But they have these wonderful gardens, and lots of water features, which is so attractive on a hot day like today. I'm don't really care one way or the other about Japanese gardens, but theirs was this amazing respite of calm. Dark water with lilies and lotus on it, turtles, gravel, sculpted pines - it was so tranquil, I just wanted to sit there and do nothing for a long while.

Mr W and I talked a bit about living in a bigger city, where there was a lot of stuff to do. He liked the idea until I said, "well, you'd have to switch schools". But I added that his buddy would only be an hour away and that wasn't so much. Who knows, who knows.

So if you have a botanic garden near you that you haven't visited yet or for awhile, go visit and soak up the tranquility. I was so glad we went down and I'm looking forward to going back. I bought a "me plus 1" membership, so I can go back again and not have to worry about the admission fee. I did that too with our local science museum. The nice thing there is that it gets me into the Denver science museum for free as well. It's almost paid for itself - yea!!

Monday, July 6, 2009

Turning a Corner

I've been neglecting the blog lately in favor of knitting. At the moment, I'm working on a pair of socks, a sweater that has been taking up most of my knitting time, and a tank top that should fit, but sure looks like it won't, so I'm losing interest.

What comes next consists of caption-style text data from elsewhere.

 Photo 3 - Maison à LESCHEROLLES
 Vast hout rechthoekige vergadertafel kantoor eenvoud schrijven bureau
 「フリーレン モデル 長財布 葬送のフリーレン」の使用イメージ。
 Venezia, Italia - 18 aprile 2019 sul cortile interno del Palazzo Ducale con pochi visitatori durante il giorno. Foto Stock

After a weekend with Mr W, I always feel like I've done a lot of parenting. I guess it's because he's an only child, but I feel sometimes like I work a little too hard at making sure he's got fun stuff to do. I do still need to intervene because if I don't, he will play on the computer for hours. Literally. So I ask him to take a break and he does and I suggest something else. Sometimes I'll play with him, but he's also got to entertain himself because I try to get house work done.

I've noticed a couple of things about him lately, though, as he settles into being 8 1/2. The first thing is that he doesn't want to sleep with a lamp on in his room anymore. This was his idea, I didn't really have an opinion one way or another. A couple of weeks ago asked me to turn the lamp off one night. OK, I said. He fell asleep without a peep (good thing about summer camp, it wears them out) and stayed out for the night. I did slip in and plug in a small night light, in case he had to climb down in the middle of the night to pee.

The other thing was that he's finally getting comfortable being in the water. This is the kid that has passed exactly one level of swimming per summer for the last two summers, when they have the opportunity to pass three or more. At the beginning of the summer, I told him this is the last summer he'd be able to use a mask and snorkel for swimming lessons. He did not take this well. I don't know if it was because I said that, or if he was just ready, but he's been making more progress with the lessons, and he practiced holding his breath during his bath the other day.

I'm proud of him.

Oh, this struck terror in my summer-loving heart: we were are Target a week ago and they were starting to put up the back to school supplies merchandise. Holy Toledo.